Kuntz’un gözyaşları

Dünya Kupası mücadelesi veren Türkiye, Letonya’yı son saniyelerde attığı penaltı golüyle 2-1 deplasmanda yendi ve şansını son 180 dakikaya taşıdı…

Maç öncesi hesap netti. Yitirilen büyük avantajdan sonra Türkiye, Letonya ile Cebelitarık maçlarını kazandıktan sonra son umut için Karadağ’a gidecek…

Umut yok da denemez, çünkü esas rakip Norveç de son maçını Hollanda deplasmanında oynayacak. 

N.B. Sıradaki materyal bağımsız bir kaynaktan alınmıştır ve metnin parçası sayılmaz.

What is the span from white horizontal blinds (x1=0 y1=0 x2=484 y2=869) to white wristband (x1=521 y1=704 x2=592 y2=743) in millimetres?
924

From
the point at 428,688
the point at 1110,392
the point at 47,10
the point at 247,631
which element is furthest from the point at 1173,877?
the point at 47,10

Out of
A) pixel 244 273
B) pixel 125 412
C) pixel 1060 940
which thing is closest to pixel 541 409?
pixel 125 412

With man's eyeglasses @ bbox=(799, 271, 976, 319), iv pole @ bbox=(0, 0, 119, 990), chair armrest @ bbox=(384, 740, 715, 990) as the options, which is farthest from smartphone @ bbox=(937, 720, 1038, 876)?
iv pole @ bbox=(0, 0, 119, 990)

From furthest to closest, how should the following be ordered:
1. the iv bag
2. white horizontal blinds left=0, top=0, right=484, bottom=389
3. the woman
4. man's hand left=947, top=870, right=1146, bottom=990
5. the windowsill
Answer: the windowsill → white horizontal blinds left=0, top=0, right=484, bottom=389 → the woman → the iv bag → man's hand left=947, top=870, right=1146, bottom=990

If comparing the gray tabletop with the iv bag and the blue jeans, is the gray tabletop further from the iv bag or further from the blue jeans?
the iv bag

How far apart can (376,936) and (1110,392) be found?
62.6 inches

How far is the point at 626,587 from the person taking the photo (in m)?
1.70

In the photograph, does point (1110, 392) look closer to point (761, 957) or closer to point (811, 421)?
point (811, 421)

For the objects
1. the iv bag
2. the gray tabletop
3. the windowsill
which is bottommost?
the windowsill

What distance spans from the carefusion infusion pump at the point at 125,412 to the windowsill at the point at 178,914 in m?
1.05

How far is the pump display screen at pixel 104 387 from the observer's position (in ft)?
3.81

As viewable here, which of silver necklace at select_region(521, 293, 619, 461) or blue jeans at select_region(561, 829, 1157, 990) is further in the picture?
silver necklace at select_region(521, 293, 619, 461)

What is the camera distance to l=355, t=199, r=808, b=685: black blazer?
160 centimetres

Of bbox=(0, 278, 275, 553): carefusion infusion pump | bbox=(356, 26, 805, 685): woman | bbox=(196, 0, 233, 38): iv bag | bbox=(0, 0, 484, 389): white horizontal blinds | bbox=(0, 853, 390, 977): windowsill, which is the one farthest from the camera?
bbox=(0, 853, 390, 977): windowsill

İkincilik için Norveç ile Türkiye’nin çekişmeleri son maça kadar yaşanacak görüntüsü vardı gecenin başında…

Başladım karşılaşmayı izlemeye…

İlerleyen her dakika ‘Yahu bu Letonya’nın da mı iddiası vardı’ diye aklımda soru işareti doğdu…

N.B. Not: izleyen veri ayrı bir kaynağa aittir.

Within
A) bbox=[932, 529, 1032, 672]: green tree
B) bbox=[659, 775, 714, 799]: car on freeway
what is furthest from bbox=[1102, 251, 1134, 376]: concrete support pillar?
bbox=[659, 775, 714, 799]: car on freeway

İlk yarı bittiğinde spikerin ‘Letonya ilk 45 dakikada 7 korner kullandı’ sözü kulağıma takıldı… Rakam yüksek geldi, Letonya ilk 7 maçtaki kornerlerine baktım…
Sırasıyla Karadağ 3, Hollanda 0, Türkiye 3, Cebelitarık 6, Norveç 3, Karadağ 2 ve ve Hollanda 4 rakamlarına ulaştım…
Yalnız ilginç olan şu: Bu rakamlar Letonya’nın 90 dakika sonundaki korner sayıları. Bu maçta ise yalnızca ilk yarıda 7 korner kazandılar!

Herhalde Letonyalı futbolcular bu grupta kolay kolay böyle etkin bir 45 dakika oynamamışlardır ve bu kadar da keyif almamışlardır oynadıkları oyundan…

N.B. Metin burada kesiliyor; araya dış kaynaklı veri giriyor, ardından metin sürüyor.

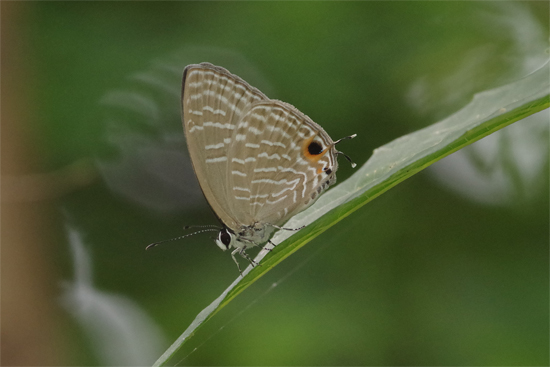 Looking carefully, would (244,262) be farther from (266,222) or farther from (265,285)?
(266,222)

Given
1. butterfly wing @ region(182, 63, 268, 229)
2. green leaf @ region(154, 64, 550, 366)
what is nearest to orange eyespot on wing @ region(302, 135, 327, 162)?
butterfly wing @ region(182, 63, 268, 229)

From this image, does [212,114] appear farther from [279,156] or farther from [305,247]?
[305,247]

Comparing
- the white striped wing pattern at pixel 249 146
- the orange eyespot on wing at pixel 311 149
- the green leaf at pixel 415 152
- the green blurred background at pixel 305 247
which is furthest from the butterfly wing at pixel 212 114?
the green blurred background at pixel 305 247

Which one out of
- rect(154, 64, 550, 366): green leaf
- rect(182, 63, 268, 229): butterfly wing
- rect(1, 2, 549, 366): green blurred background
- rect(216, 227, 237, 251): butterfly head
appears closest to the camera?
rect(154, 64, 550, 366): green leaf

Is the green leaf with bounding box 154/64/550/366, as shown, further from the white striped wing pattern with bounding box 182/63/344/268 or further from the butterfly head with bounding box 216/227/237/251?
the butterfly head with bounding box 216/227/237/251

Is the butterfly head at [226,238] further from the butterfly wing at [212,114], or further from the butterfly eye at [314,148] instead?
the butterfly eye at [314,148]

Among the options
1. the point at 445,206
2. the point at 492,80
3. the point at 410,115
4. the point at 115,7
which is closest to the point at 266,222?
the point at 445,206
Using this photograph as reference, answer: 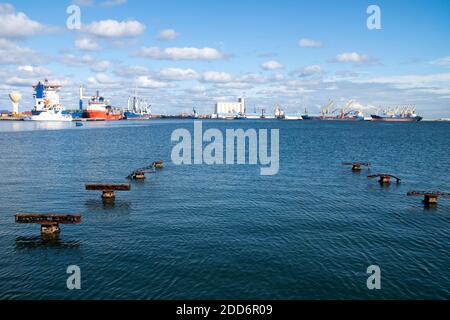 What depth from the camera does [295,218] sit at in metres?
44.6

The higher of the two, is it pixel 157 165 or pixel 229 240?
pixel 157 165

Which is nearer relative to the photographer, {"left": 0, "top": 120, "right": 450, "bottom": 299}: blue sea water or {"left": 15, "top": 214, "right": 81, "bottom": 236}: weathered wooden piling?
{"left": 0, "top": 120, "right": 450, "bottom": 299}: blue sea water

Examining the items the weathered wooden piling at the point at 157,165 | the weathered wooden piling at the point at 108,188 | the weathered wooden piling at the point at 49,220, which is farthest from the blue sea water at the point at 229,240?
the weathered wooden piling at the point at 157,165

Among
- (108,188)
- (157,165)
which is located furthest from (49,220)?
(157,165)

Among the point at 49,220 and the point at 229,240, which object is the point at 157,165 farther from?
the point at 229,240

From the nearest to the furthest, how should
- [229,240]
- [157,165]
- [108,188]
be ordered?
[229,240]
[108,188]
[157,165]

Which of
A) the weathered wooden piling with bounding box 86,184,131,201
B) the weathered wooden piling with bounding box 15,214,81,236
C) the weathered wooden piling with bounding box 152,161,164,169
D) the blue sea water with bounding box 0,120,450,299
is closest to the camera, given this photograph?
the blue sea water with bounding box 0,120,450,299

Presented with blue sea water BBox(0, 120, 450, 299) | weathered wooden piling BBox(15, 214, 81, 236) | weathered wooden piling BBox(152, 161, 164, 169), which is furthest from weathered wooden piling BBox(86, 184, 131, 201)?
weathered wooden piling BBox(152, 161, 164, 169)

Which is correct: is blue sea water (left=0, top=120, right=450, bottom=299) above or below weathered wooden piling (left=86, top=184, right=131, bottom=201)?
below

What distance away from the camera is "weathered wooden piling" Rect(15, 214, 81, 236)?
38.0m

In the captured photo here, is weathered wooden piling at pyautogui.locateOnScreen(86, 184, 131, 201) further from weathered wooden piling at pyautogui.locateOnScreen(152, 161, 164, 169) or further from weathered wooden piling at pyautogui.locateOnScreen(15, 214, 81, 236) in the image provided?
weathered wooden piling at pyautogui.locateOnScreen(152, 161, 164, 169)

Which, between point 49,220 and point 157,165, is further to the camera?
point 157,165

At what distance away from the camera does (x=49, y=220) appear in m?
38.8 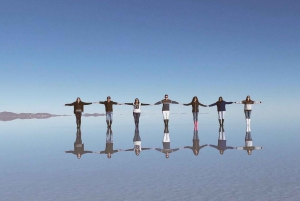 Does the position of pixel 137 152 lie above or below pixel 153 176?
above

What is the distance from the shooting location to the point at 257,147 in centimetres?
2022

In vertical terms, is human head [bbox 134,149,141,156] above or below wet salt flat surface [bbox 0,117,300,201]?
above

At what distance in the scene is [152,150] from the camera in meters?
19.7

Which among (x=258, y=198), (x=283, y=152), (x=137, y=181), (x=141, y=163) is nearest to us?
(x=258, y=198)

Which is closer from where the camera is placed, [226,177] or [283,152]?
[226,177]

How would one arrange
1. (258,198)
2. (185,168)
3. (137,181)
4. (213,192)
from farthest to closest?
1. (185,168)
2. (137,181)
3. (213,192)
4. (258,198)

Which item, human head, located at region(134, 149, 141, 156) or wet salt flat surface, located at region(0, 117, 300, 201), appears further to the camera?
human head, located at region(134, 149, 141, 156)

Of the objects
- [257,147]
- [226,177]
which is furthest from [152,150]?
[226,177]

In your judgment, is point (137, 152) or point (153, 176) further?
point (137, 152)

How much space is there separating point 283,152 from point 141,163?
7.67m

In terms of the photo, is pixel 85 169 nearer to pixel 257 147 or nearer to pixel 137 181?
pixel 137 181

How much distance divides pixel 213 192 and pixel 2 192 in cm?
599

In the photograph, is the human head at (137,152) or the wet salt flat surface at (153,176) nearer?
the wet salt flat surface at (153,176)

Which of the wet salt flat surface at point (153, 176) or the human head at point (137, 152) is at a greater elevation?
the human head at point (137, 152) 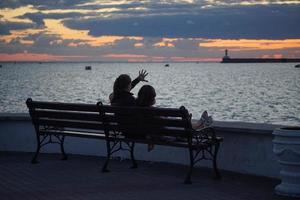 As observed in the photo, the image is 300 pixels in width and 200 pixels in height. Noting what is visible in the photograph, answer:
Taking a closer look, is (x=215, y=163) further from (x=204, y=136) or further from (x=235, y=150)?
(x=235, y=150)

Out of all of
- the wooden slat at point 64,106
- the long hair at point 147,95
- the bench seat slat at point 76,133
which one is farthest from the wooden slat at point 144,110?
the bench seat slat at point 76,133

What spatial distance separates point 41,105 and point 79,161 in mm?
996

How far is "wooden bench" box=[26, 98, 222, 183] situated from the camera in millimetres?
8250

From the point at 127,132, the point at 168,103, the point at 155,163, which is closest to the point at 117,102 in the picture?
the point at 127,132

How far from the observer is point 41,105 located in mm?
9734

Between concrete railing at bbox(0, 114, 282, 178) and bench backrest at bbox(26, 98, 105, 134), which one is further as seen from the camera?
bench backrest at bbox(26, 98, 105, 134)

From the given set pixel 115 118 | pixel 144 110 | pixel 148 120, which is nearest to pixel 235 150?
pixel 148 120

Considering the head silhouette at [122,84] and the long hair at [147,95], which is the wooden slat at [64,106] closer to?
the head silhouette at [122,84]

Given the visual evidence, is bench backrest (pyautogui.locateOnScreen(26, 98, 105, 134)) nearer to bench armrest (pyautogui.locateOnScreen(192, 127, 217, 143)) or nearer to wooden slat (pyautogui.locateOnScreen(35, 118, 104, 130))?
wooden slat (pyautogui.locateOnScreen(35, 118, 104, 130))

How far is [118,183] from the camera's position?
8.16 m

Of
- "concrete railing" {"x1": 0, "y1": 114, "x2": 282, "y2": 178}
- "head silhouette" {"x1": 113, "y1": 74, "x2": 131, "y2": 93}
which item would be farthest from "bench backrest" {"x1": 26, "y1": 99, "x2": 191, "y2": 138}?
"concrete railing" {"x1": 0, "y1": 114, "x2": 282, "y2": 178}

Nitekim istatistiklerin yanı sıra saha üstünlüğüyle de sinyaller veren Letonya’nın golü ikinci yarı geliverdi. Büyük krizin eşiğine bir anda adım atılmıştı…

Kuntz’un hamleleri geldi. Tek başına bir şey yapamadığını düşündüğü Burak’ın yanına Serdar’ı koyması ve Rıdvan’ı sol kanata yerleştirmesiyle gelen yeni düzen, dakikalar içinde Ay Yıldızlıların saha içi etkinliğini arttırdı…

Serdar’ın akıl dolu vuruşu beraberliği getirdi. 

Ve Türkiye oynaması gereken oyunu ancak 85’den sonra oynamaya başladı!

Kaptan Burak’tan söz etmek gerekir mutlaka…

Ne demek lazım bilemiyorum…

Kendisini izledikçe sık sık ‘Niye buna mecbur kalıyoruz’ demekten de kendimi alamadığımı itiraf etmeliyim… 

Bir önceki karşılaşmada kendisine yapıldığını iddia ettiği pozisyonda insanı futboldan soğutan tabloları hatırladım…

Aynısı sürüyordu… Kendisine yapılsa ne yapacağını düşleyemediğimiz bir pozisyonda rakibine faul yaptıktan sonra itirazı, ekranlardan net okunan küfürleri, el kol hareketleri derken…

Bakalım Kuntz ne kadar sabredecek diye merak edip durdum…

Ama son saniyelerde kazanılan penaltı ve attığı gol Burak’ı doğal olarak bu maçın kahramanları arasına koyacaktır..
Yine de geniş düşünmek lazım… Onca dakika Burak’ın bekleneceği bir maç değildi bu… Burak gibi tecrübeli isimler bu maçı çok başta koparmalıydı… 

Teknik direktör Kuntz için konuşmak daha çok erken… Alman ekolünden biri olarak mutlaka hedeflerini geniş zamana yaymıştır. İçinden geldiği o ekol, kısa vadede sürprizlere inanan bir ekol değil.

Ancak günlük alınan sonuç Alman çalıştırıcı keyifli gözyaşlarına boğuverdi…

Bu enerji takıma yansırsa güzel şeyler olabilir…

Milli formayı primsiz de giyip mücadele etmenin anlamı anlaşıldığı ve bu tür oyuncuların yerleştiği gün, çok farklı şeyler olabilir… 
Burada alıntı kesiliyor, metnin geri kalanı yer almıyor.